## Information given
^^^^

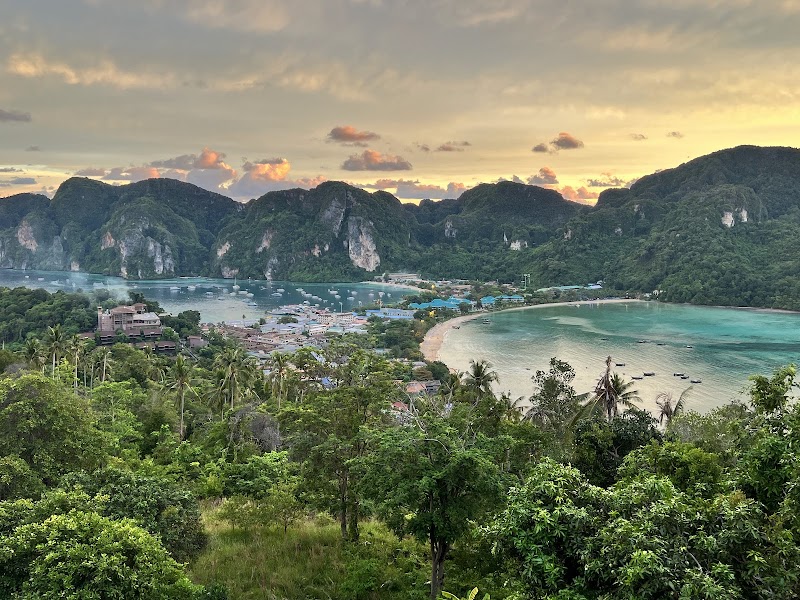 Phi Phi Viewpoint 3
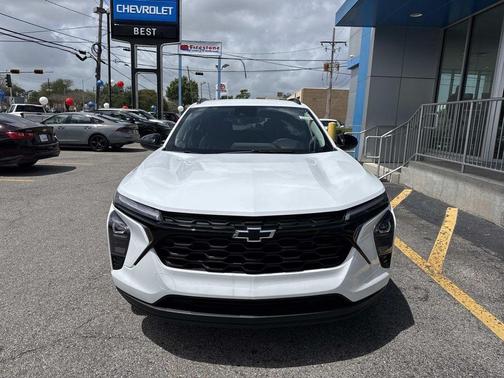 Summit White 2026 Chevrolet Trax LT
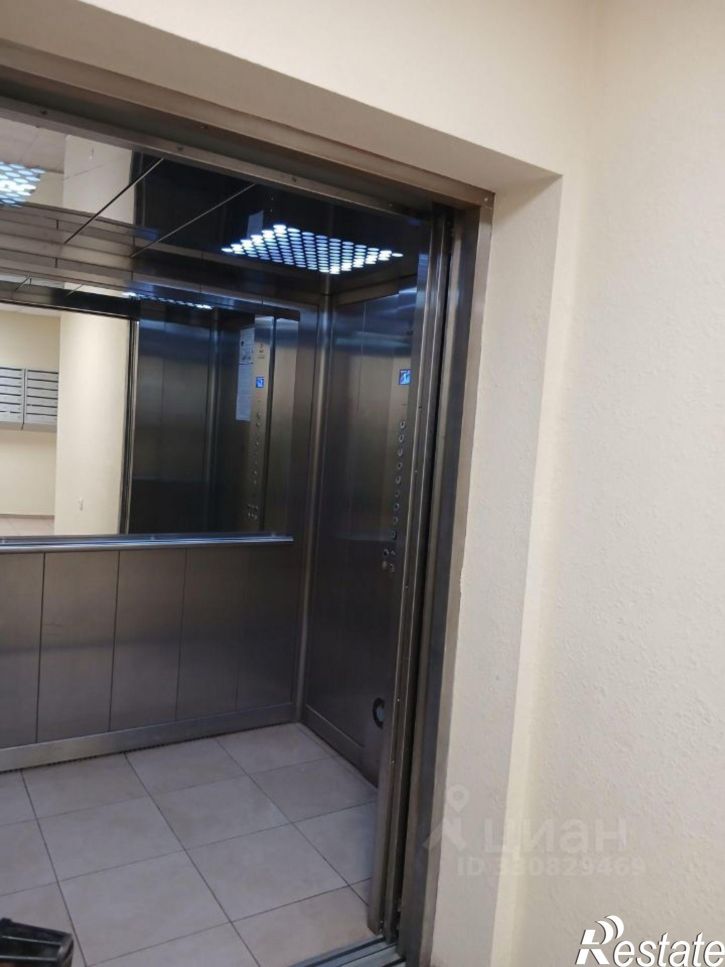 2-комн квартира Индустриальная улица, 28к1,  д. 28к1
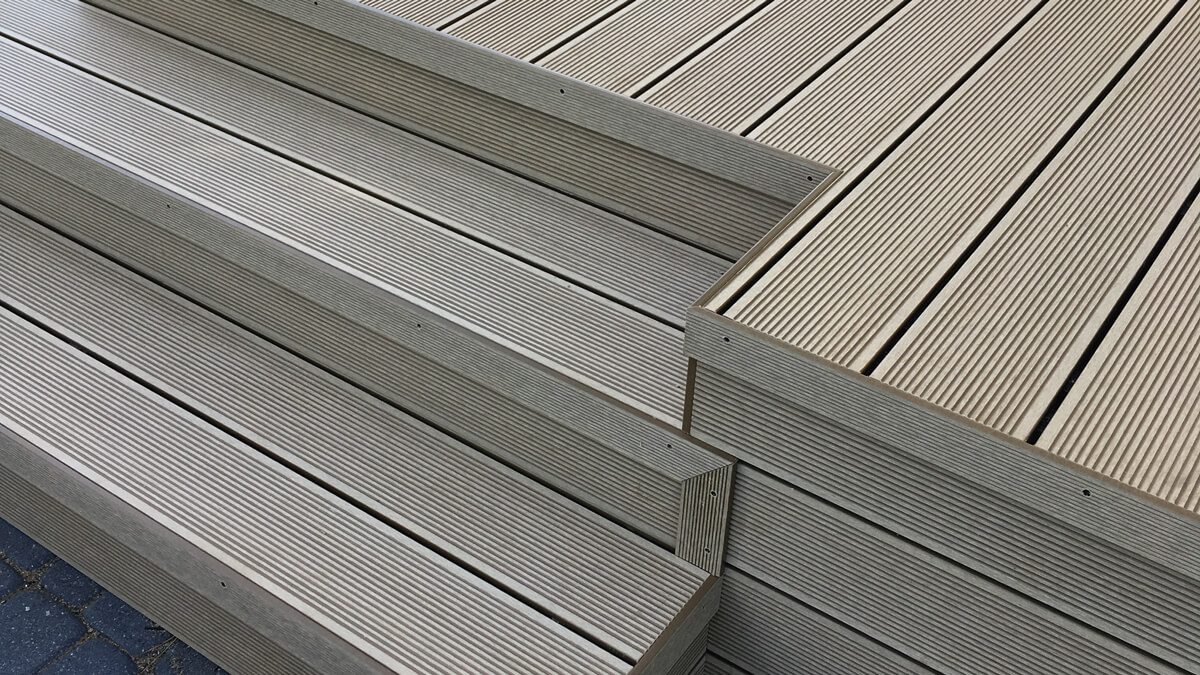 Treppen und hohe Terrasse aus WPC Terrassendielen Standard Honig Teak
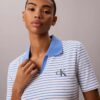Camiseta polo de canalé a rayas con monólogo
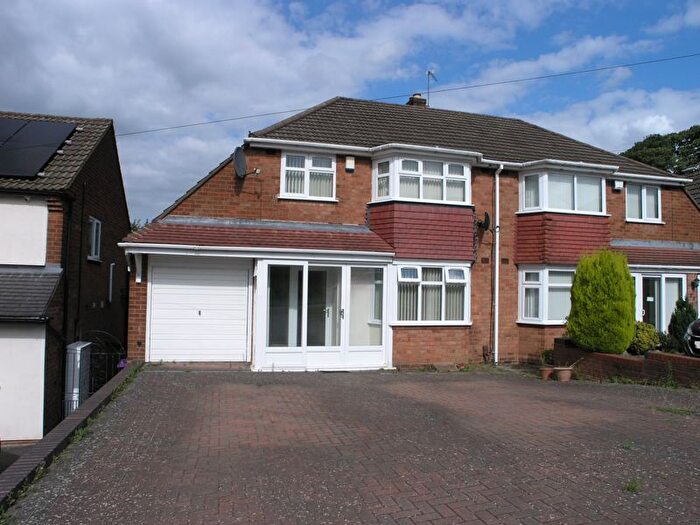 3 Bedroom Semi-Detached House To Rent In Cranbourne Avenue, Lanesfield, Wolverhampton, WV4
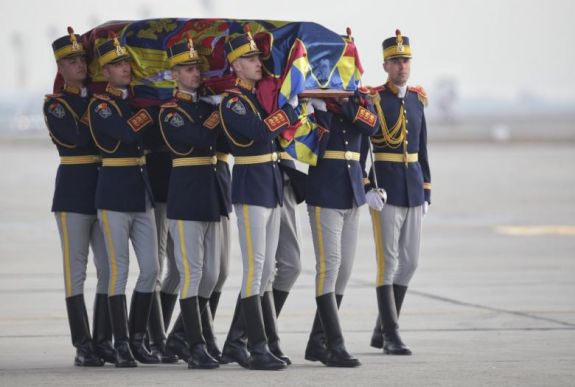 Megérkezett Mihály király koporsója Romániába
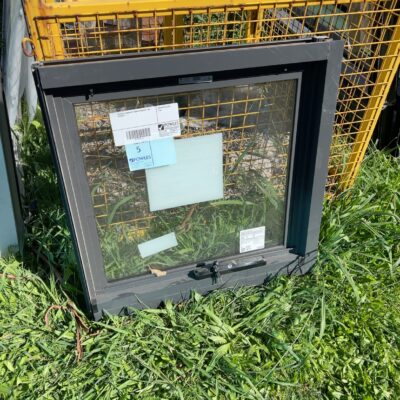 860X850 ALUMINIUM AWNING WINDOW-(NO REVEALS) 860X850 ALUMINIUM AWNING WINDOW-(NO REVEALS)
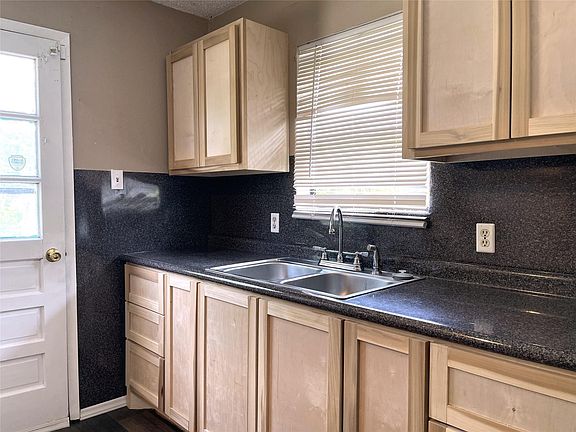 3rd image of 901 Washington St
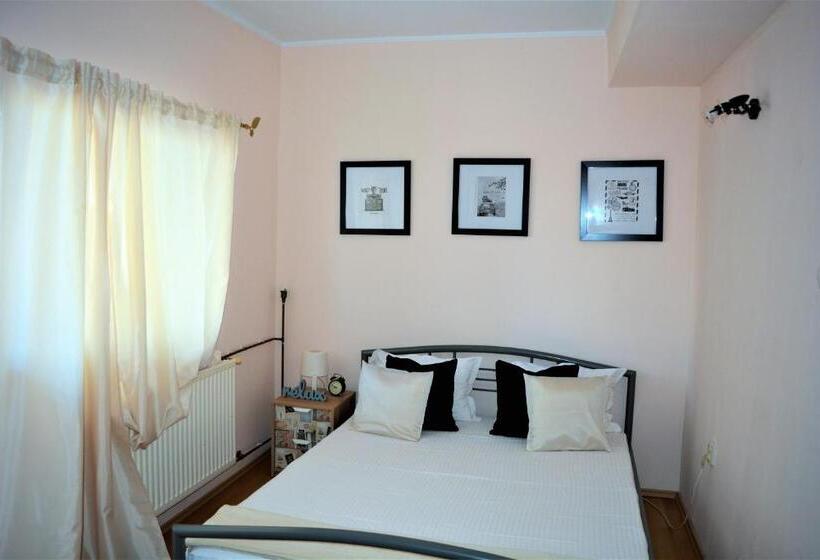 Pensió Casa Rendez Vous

^^^^

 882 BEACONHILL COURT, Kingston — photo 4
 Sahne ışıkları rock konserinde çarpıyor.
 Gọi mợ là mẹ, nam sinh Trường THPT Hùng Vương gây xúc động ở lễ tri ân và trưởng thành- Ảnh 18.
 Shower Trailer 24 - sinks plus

^^^^

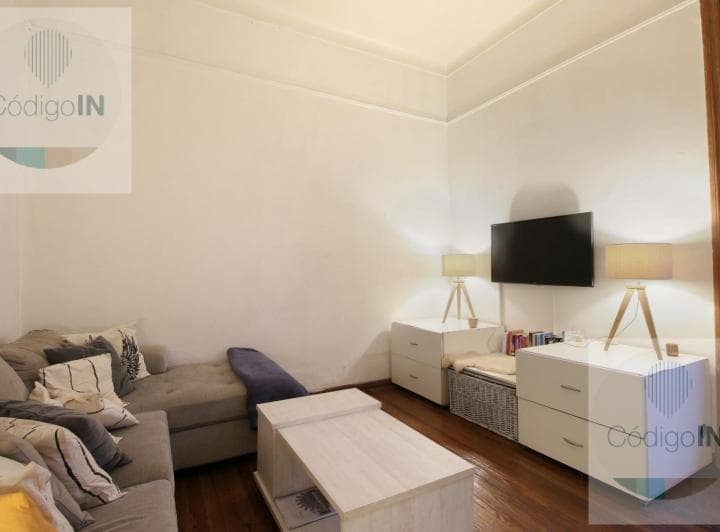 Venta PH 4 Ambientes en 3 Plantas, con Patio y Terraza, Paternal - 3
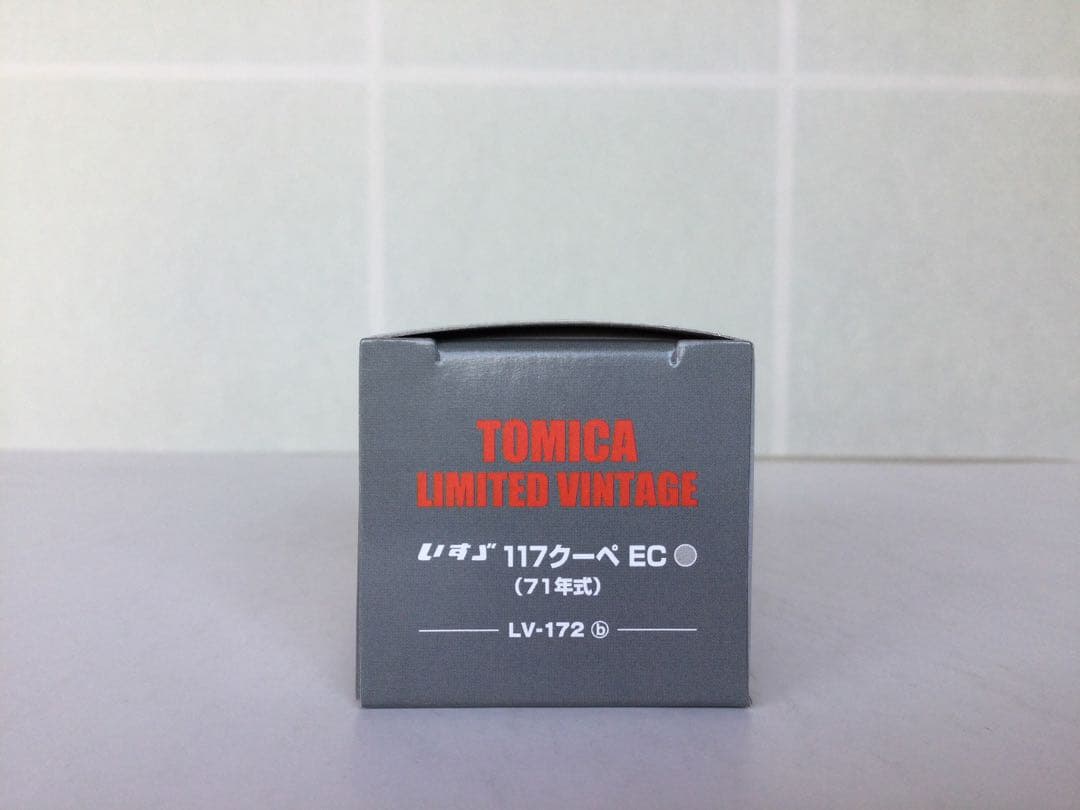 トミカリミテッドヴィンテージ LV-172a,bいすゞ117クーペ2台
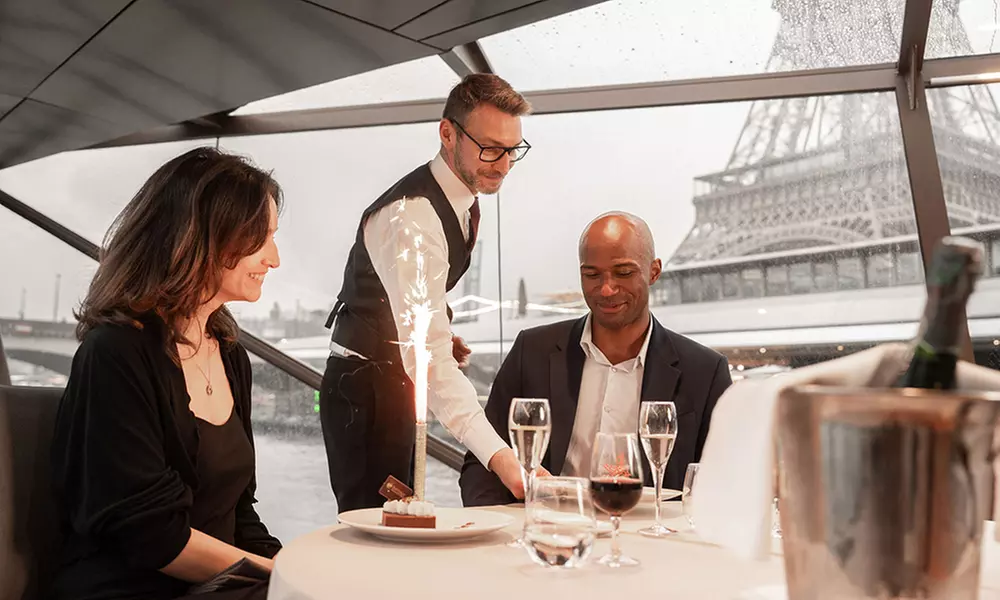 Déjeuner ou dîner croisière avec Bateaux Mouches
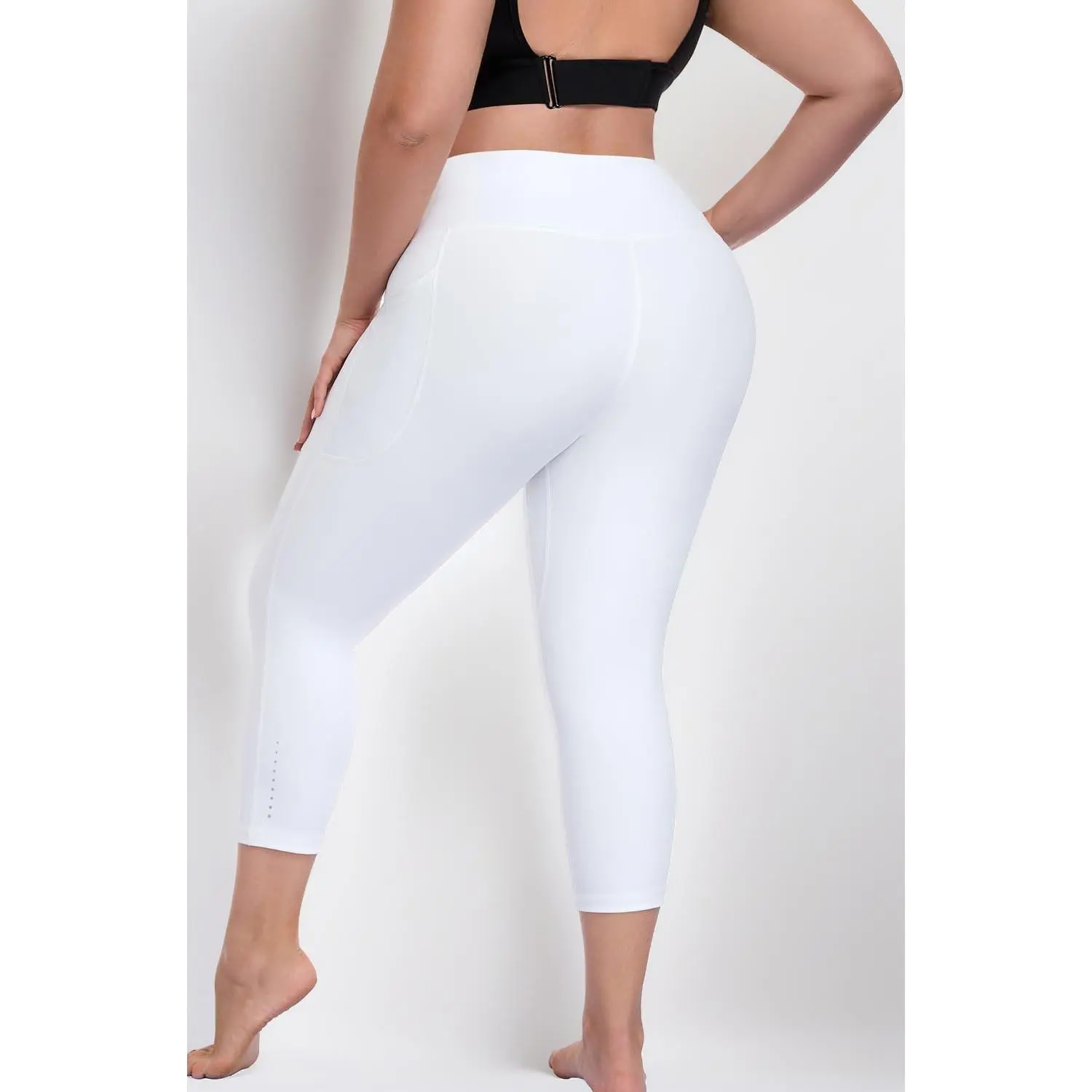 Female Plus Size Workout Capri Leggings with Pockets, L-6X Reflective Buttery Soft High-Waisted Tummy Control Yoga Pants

^^^^

## What the exercise asks
Reproduce the listing above only between the lines holding "Phi Phi Viewpoint 3" and "Megérkezett Mihály király", inclusive. Every line must match exactly, and pictures are dropped.

## Solved problem
 Phi Phi Viewpoint 3
 Summit White 2026 Chevrolet Trax LT
 2-комн квартира Индустриальная улица, 28к1,  д. 28к1
 Treppen und hohe Terrasse aus WPC Terrassendielen Standard Honig Teak
Camiseta polo de canalé a rayas con monólogo
 3 Bedroom Semi-Detached House To Rent In Cranbourne Avenue, Lanesfield, Wolverhampton, WV4
 Megérkezett Mihály király koporsója Romániába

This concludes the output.